Water and oil crust.
Hot water (85°C)
glutinous rice flour
I don’t want to resist this crispy bite – how to make rose flower cake.
To make the water-oil crust: pour the medium gluten flour (i.e. regular flour for homemade pasta), lard, and sugar into a bowl, heat the water to about 85°C (or take freshly boiled water and pour it into a cup and shake it a few dozen times), and pour it all into the flour.
Quickly stir the flour with a chopstick so that the flour and water form snowy lumps.
Pour the lumps of flour onto the case, toss a few times to dissipate the heat, and knead vigorously to form a smooth dough. Cover with plastic wrap to prevent moisture loss.
To make the dough: mix the medium flour and lard and knead vigorously on the cutting board for a few minutes until the lard and flour are fully incorporated into the dough. . The dough may be very dry and loose when you first start kneading. Keep kneading for a few minutes and it will become a smooth dough. Make sure not to add any moisture to the shortbread dough.
Divide the dough into 12 equal portions and knead into rounds. It is recommended to cover the dough with a damp cloth or plastic wrap to prevent the surface from drying out during the process. The shortbread dough can be left open.
Take one sheet of puff pastry dough and flatten it with the palm of your hand. Place a piece of puff pastry dough in the center of the pastry dough and wrap it up. Close the mouth and pinch.
Place the dough with the closing side facing up and the smooth side facing down on a case board, flattening it with the palm of your hand first. Using a rolling pin, roll out the dough into a long oval shape. Roll the long oval from top to bottom.
Roll out the dough and flatten again with the palms of your hands. Roll it out a second time with a rolling pin (again, smooth side down) and roll it up from the top down a second time. The puff pastry is done. Let the rolled out puff pastry dough rest for about 15 minutes (cover the surface with a damp cloth or plastic wrap to prevent drying out).
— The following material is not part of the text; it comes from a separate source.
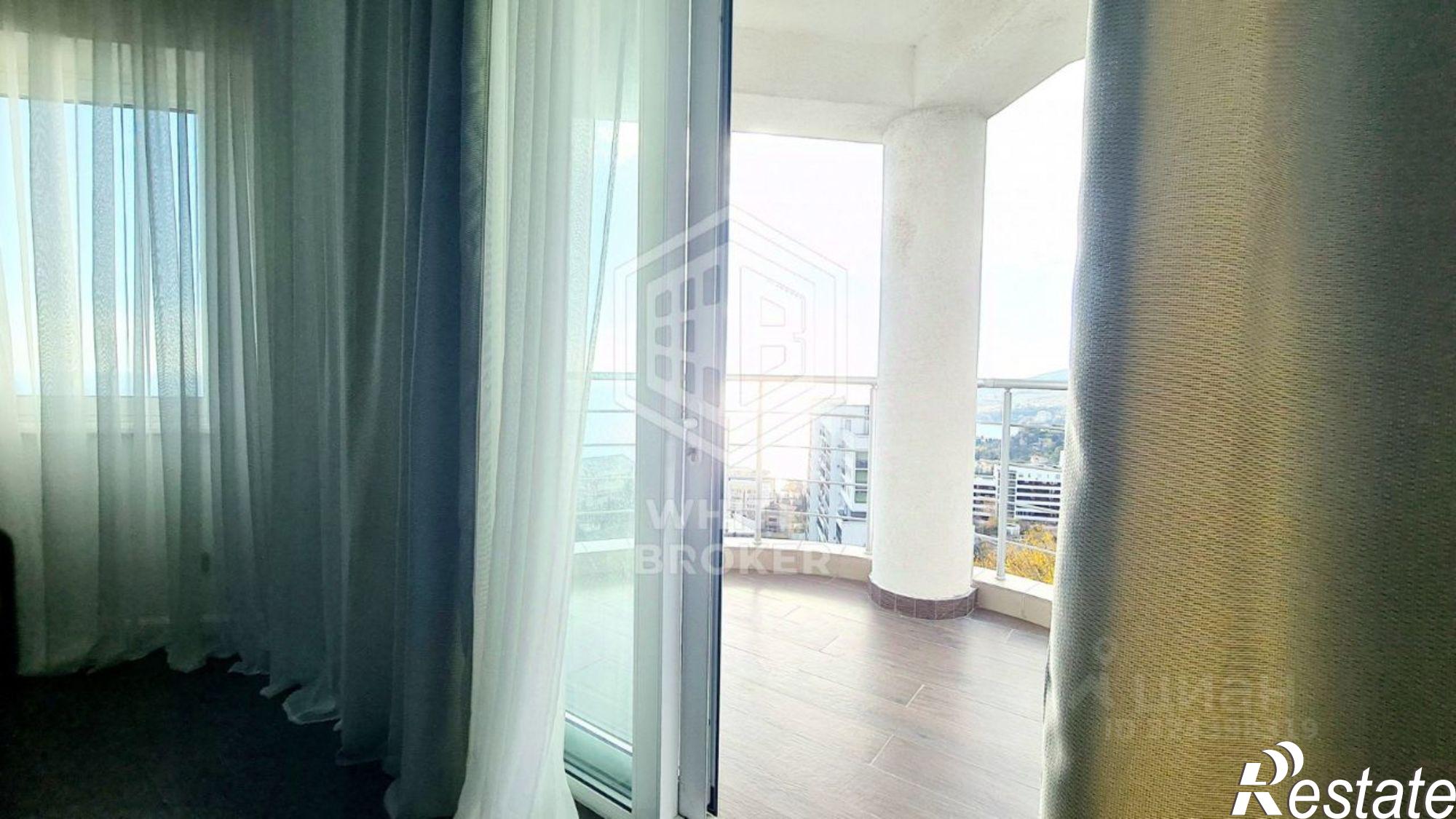 Купить квартиру за 12 800 000 рублей на Ялтинская улица, 14 литА к1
Make the flower filling. Refrigerate the rose paste before using. Add cooked glutinous rice flour (cooked glutinous rice flour: Heat a wok, add raw glutinous rice flour and stir-fry over low heat to cook the glutinous rice flour). (Turn off the heat until the glutinous rice flour is lightly browned, then use when cooled).
Mix the glutinous rice flour with the rose paste. Make a thick, moist rose filling. Divide the rose filling into 12 portions and set aside on parchment paper.
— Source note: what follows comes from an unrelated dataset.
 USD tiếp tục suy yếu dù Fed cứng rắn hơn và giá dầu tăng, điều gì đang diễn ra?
Roll out a rolled puff pastry into a circle with a thick middle and thin sides. Roll it thin around the perimeter. (This is the best shape to wrap the pie, otherwise the closing will be too thick).
Place the rose filling in the center of the pastry (with the smooth side of the pastry facing out), pinch one point of the pastry, and slowly tighten the other pastry towards this point, closing it up at the end (similar to how you would do it with a bun or a pie).
Place the wrapped pastry, crust side down, on the baking sheet and flatten with the palm of your hand.
Before placing in the oven, pierce several holes in each loaf with a toothpick (to release the hot air generated during baking and prevent the loaves from bursting). ). Bake in preheated oven at 190℃ for about 20 minutes. Different oven temperature and time may vary, please adjust according to the actual situation.
Freshly baked flower cakes, cool down a bit and then you can eat them! It is crispy and delicious, with a rich rose fragrance, so crispy that it falls off at the touch.
2.Remember to pierce a few more holes in the pastry before baking!